[Stored data]
************

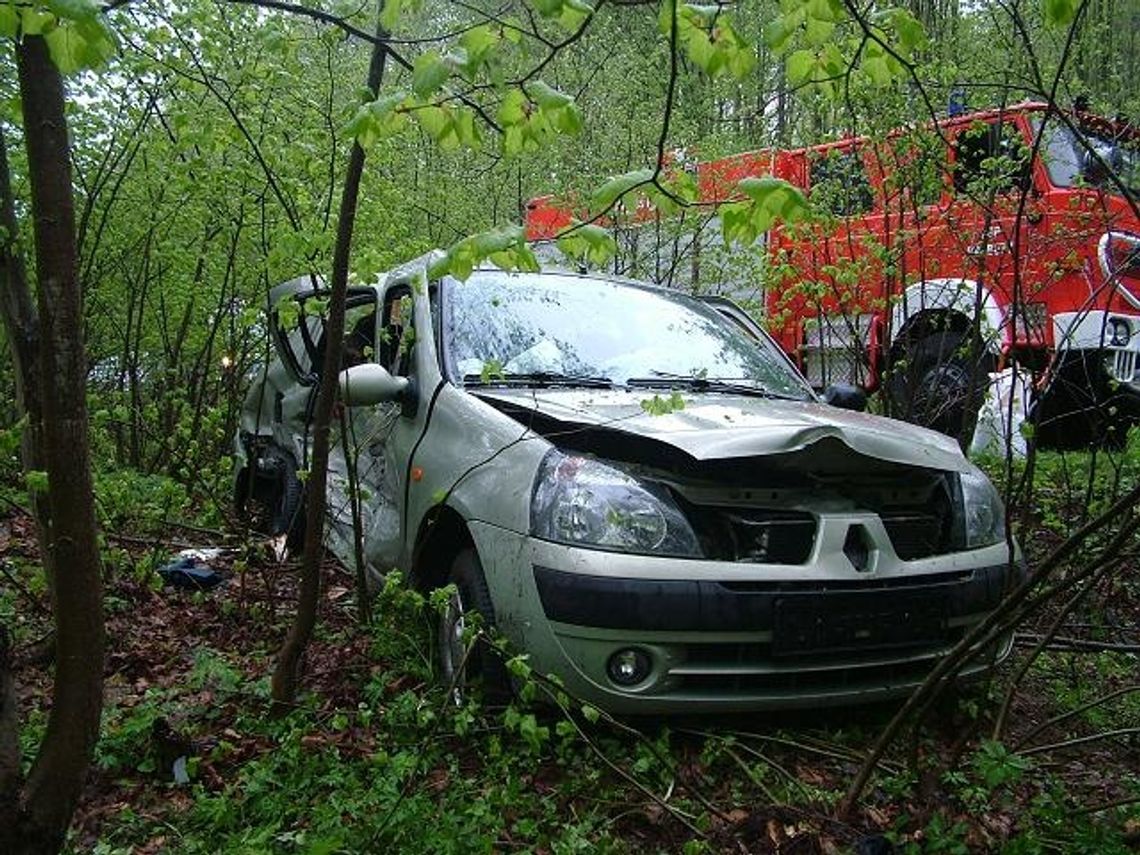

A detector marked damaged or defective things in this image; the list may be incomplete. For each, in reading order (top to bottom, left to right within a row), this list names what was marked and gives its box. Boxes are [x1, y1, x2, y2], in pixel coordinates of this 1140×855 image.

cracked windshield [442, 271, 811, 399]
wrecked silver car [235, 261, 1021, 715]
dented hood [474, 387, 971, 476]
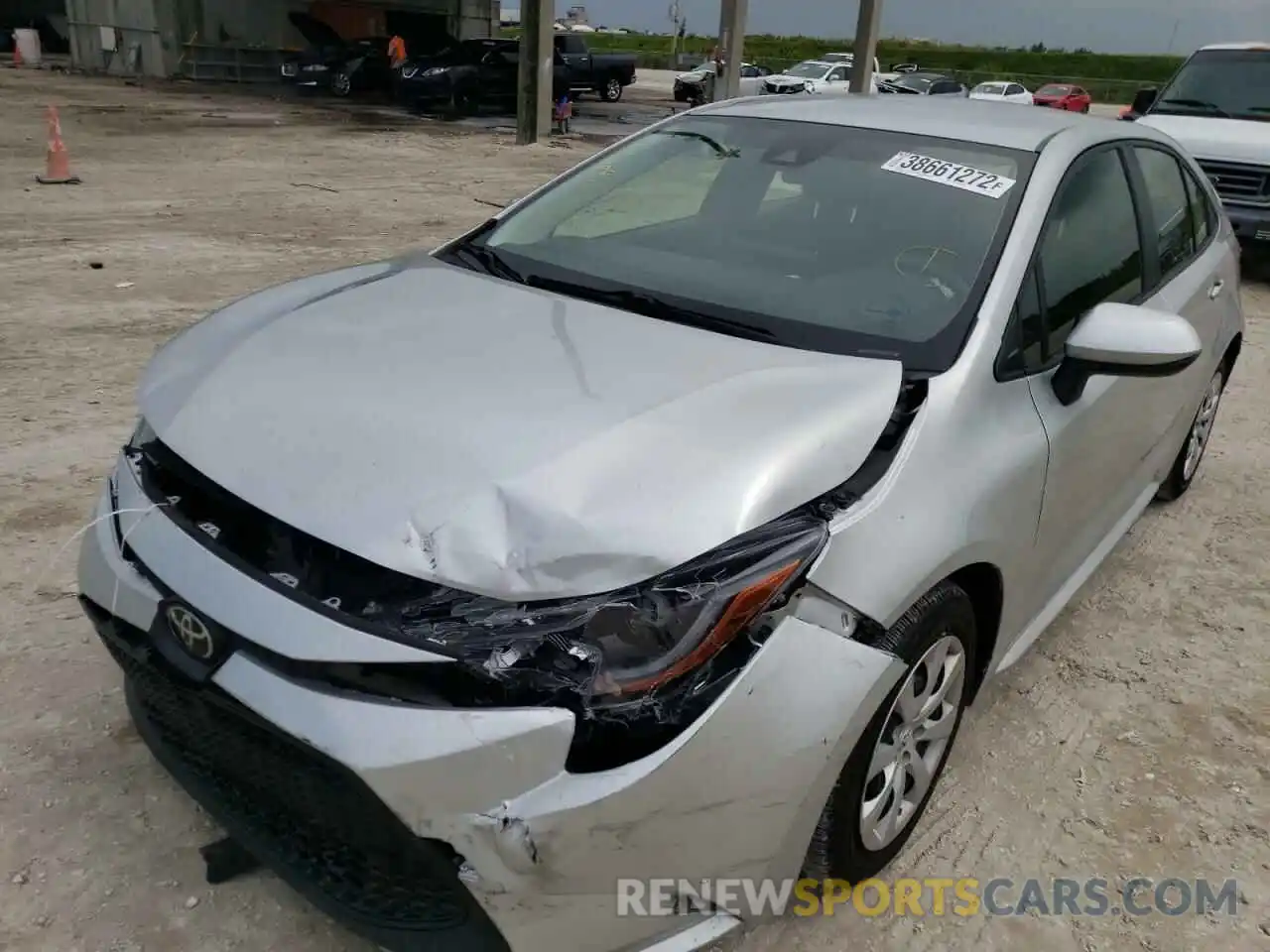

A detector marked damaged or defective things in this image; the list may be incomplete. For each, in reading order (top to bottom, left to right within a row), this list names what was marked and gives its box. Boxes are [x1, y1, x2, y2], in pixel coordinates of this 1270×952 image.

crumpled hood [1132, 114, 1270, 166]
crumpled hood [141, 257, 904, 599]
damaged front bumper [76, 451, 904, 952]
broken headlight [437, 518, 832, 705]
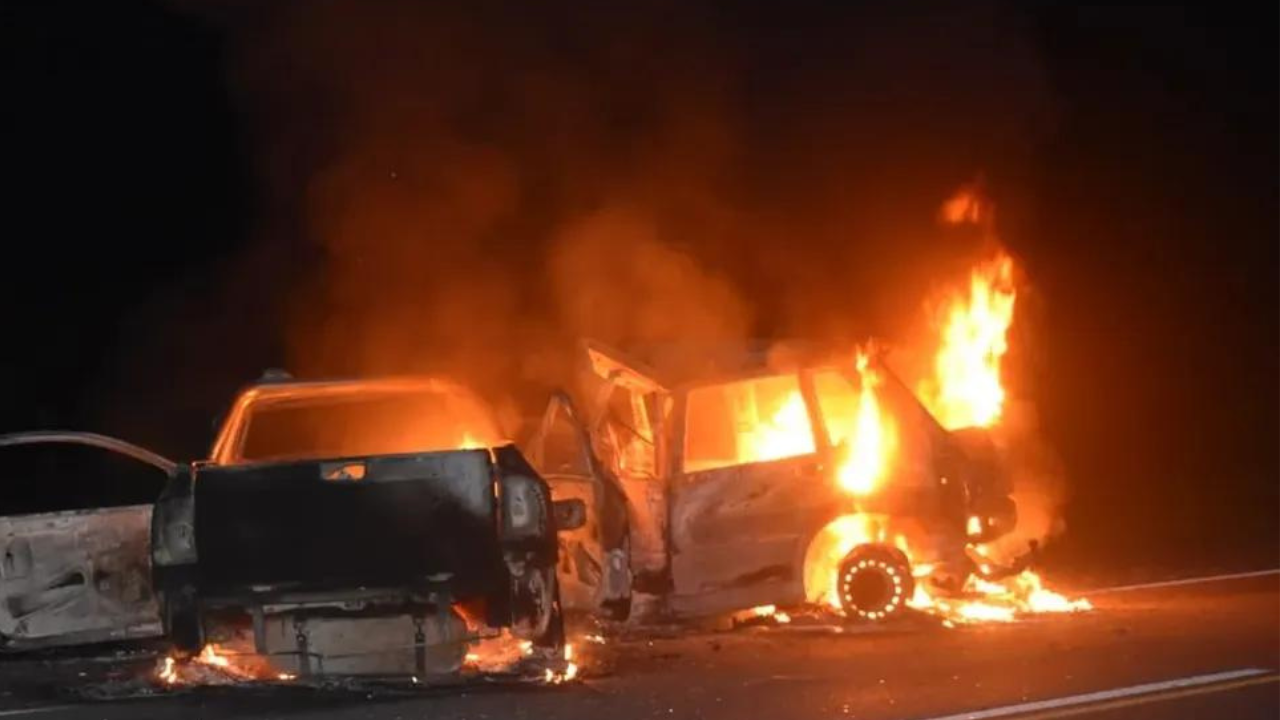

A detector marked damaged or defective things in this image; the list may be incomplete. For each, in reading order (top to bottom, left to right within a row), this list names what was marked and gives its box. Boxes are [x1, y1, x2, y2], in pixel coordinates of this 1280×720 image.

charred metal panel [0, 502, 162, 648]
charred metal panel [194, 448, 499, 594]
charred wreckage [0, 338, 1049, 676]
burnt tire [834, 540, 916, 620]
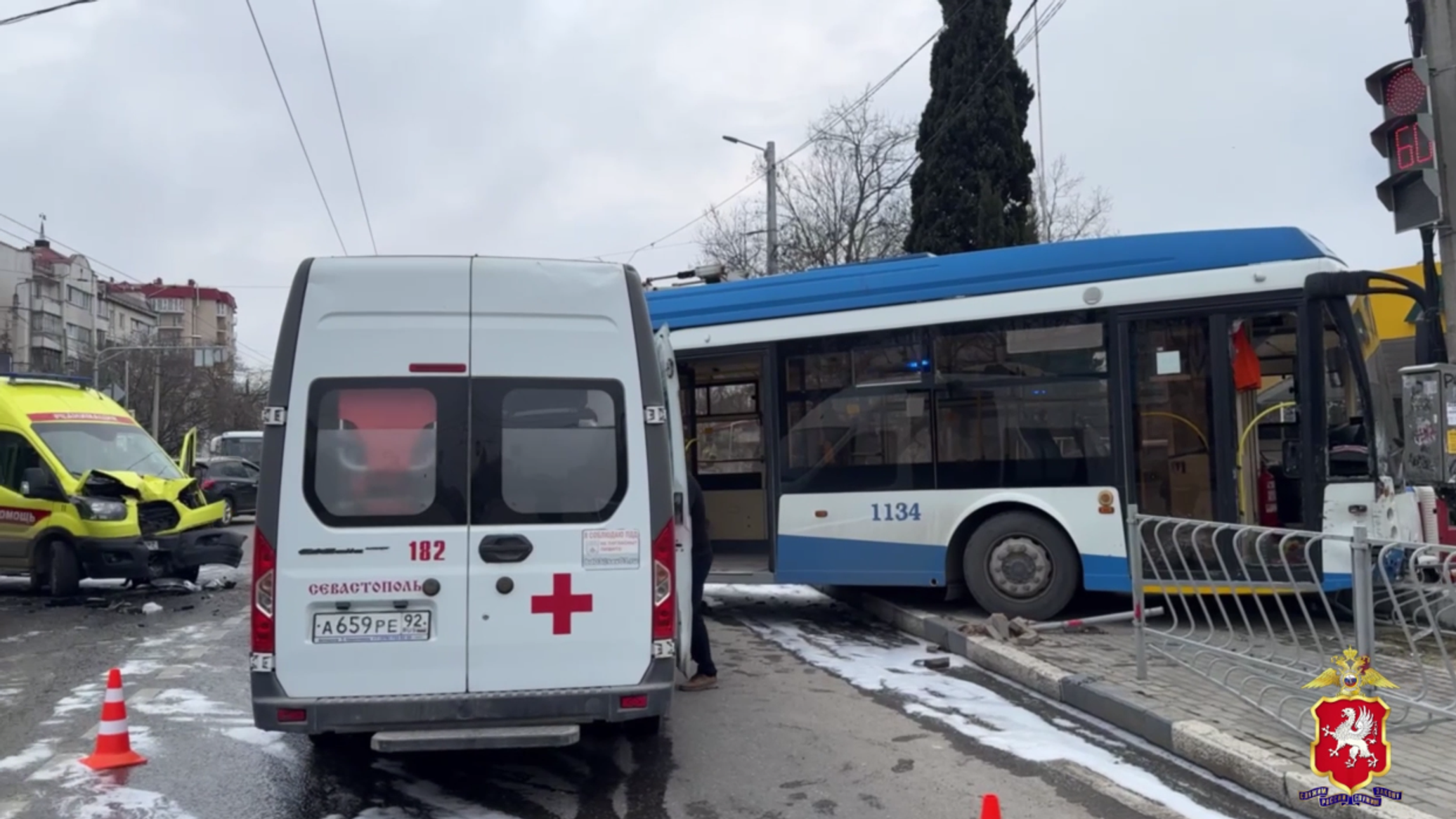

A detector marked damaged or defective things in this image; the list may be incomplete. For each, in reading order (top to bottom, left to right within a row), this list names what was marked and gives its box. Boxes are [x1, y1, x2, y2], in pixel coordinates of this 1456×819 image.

************

- Exercise prompt: The reply should hold every entry above, given again exactly, but not a single picture.

- Task result:
A detector marked damaged or defective things in this image; the list may be incomplete. For each, in reading order (top to bottom, left to right within a row), this list names what was marked and gives its box. Boxes are [x1, y1, x2, y2], in pixel coordinates of this 1140×855 image.

cracked windshield [442, 271, 811, 399]
wrecked silver car [235, 261, 1021, 715]
dented hood [474, 387, 971, 476]

A detector marked damaged or defective things in this image; the list may be incomplete. For each, in reading order (top to bottom, left to right within a row), this list names what was marked and gives its box. Boxes are [x1, y1, x2, y2], in pixel coordinates of this 1270×952 image.

crumpled hood [1132, 114, 1270, 166]
crumpled hood [141, 257, 904, 599]
damaged front bumper [76, 451, 904, 952]
broken headlight [437, 518, 832, 705]

A detector marked damaged or defective things in this image; the list may be incomplete. For each, in reading order (top to bottom, left to right within a row), this list names what was marked and gives its box. Boxes are [x1, y1, x2, y2], in pixel coordinates of this 1280×720 image.

charred metal panel [0, 502, 162, 648]
charred metal panel [194, 448, 499, 594]
charred wreckage [0, 338, 1049, 676]
burnt tire [834, 540, 916, 620]

A detector marked damaged or defective things in this image; the list may be incomplete. For each, in reading order (top to bottom, left to right within a row), this list names what was marked and gives its box. Boxes are [x1, y1, x2, y2], in pixel coordinates of this 1456×819 image.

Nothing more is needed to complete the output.